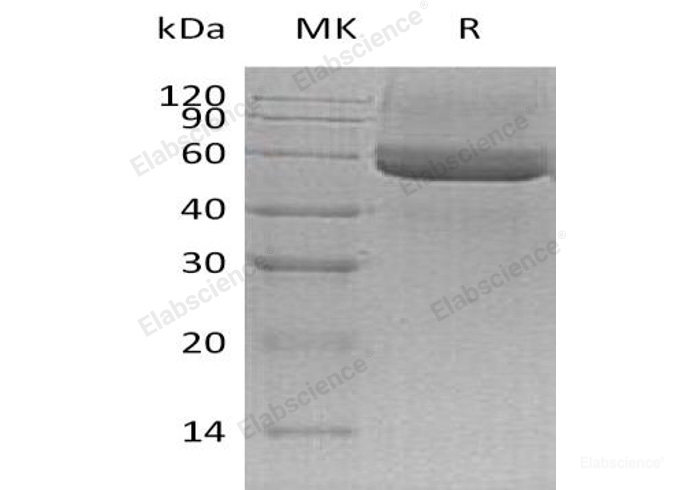 Recombinant Mouse Testican-3/SPOCK3 Protein(C-6His)-Elabscience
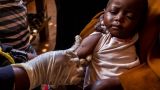 Пандемия Covid-19 вызвала в бедных странах рост заболеваемости корью — ВОЗ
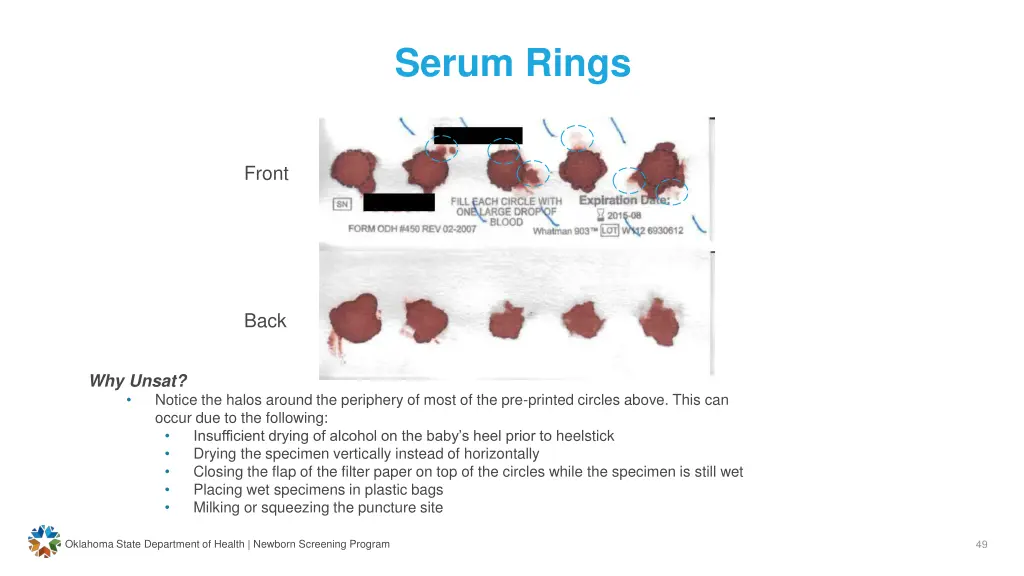 serum rings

== == ==

EXERCISE OBJECTIVE: Transcribe the listing word for word, but keep its pictures out of the copy.

RESPONSE TO THE TASK:
 Recombinant Mouse Testican-3/SPOCK3 Protein(C-6His)-Elabscience
 Пандемия Covid-19 вызвала в бедных странах рост заболеваемости корью — ВОЗ
 serum rings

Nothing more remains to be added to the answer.